Support and connect communities

Today approximately 10% of homes in Canada have no Internet access and approximately 600,000 households in Western Canada still cannot access the minimum Internet speeds recommended by the federal government. This connectivity gap has been identified as the number one issue impeding economic growth in rural and remote communities.

Using the companies’ combined spectrum assets and infrastructure for 5G across its expanded network, including Rogers national low band 5G spectrum, the combined company will be able to bring the highest quality mobile broadband and fixed wireless Internet services to even more rural communities, in many cases for the first time.

The combined company will help to further close the digital divide by:

  • Creating a new $1 billion Rogers Rural and Indigenous Connectivity Fund to connect rural, remote, and Indigenous communities across Western Canada to high-speed Internet, one of the largest ever commitments of its kind made by the private sector.

  • Consulting with Indigenous communities to create Indigenous-owned and operated Internet Service Providers that leverage Rogers expanded networks and capabilities to create sustainable, local connectivity solutions.
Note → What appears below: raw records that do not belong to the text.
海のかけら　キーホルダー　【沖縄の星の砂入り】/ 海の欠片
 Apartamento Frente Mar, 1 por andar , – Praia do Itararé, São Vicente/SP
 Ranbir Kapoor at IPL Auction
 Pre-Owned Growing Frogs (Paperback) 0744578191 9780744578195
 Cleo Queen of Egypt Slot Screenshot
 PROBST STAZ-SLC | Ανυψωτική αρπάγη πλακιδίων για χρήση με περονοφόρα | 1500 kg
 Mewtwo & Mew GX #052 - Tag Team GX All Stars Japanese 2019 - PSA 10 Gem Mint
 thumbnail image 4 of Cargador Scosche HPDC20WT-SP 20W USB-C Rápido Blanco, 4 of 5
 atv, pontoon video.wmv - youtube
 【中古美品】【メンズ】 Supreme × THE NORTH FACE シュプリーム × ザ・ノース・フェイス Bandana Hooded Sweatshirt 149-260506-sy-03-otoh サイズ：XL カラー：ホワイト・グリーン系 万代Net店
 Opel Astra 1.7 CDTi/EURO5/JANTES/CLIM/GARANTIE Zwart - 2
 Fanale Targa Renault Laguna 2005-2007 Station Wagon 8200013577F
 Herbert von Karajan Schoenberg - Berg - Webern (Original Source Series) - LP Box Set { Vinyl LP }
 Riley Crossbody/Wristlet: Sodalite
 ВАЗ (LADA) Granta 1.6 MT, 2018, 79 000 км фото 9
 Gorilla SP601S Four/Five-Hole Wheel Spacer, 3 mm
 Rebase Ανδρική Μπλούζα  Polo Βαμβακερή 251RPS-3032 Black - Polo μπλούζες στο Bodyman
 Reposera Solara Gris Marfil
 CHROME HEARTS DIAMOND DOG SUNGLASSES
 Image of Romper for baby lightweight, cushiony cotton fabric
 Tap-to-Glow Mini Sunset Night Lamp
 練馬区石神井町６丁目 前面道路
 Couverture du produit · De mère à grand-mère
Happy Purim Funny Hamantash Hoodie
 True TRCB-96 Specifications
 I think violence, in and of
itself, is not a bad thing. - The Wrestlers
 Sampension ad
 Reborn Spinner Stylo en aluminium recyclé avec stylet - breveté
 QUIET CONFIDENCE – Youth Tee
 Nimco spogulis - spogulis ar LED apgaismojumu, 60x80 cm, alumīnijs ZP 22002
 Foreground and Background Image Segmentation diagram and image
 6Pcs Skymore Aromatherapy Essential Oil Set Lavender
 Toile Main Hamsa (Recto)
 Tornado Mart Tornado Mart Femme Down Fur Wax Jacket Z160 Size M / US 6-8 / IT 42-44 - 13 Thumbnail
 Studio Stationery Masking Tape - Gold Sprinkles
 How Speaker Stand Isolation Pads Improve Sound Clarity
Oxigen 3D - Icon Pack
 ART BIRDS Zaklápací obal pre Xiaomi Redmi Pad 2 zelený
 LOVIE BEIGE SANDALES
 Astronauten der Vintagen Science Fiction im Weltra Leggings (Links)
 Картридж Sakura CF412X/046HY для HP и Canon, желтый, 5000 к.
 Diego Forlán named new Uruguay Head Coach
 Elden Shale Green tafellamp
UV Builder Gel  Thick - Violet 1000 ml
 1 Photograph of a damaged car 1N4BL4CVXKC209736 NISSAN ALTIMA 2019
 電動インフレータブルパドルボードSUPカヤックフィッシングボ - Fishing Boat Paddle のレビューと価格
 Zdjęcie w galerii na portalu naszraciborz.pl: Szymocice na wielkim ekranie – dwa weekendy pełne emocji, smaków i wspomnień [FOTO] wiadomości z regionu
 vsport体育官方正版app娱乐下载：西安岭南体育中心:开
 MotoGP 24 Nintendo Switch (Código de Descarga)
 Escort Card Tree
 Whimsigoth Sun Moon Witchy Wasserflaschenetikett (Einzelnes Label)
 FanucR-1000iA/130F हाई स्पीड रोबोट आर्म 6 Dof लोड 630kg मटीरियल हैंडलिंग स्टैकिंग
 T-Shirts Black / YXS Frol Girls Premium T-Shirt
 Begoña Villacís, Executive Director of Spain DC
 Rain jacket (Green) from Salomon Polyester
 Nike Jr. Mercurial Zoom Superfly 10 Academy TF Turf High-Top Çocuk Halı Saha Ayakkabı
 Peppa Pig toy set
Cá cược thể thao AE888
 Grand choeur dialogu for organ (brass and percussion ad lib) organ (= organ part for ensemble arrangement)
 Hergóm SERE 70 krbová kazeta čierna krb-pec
  • Extending Rogers Connected for Success program across Western Canada to bring the first of its kind low-cost broadband program nationally to help seniors and low-income Canadians in every community where the combined company offers Internet services.

Rogers will also build on Shaw’s activities and impact to communities and charities, valued at more than $40 million in 2020. In addition to Rogers existing robust community impact programs, this includes commitments to:

  • Continue and augment Shaw’s charitable giving programs, including adding new youth scholarships to support the future talent pipeline in emerging technologies.

  • Work with the Shaw Charity Classic partners to support and extend the annual PGA TOUR Champions event for up to ten years. The event has raised more than $61 million for Alberta kids’ charities since 2013.

Deliver affordable services and improve choice for customers

In addition to dramatically improved connectivity and accessibility, the combination will deliver choice, competition and affordability to Canadians:

  • The combined company is committed to continue offering affordable wireless plans, with no overage fees, that meet the budgets and needs of Canadians. As part of this commitment, Rogers will not increase wireless prices for Freedom Mobile customers for at least three years following the close of the transaction.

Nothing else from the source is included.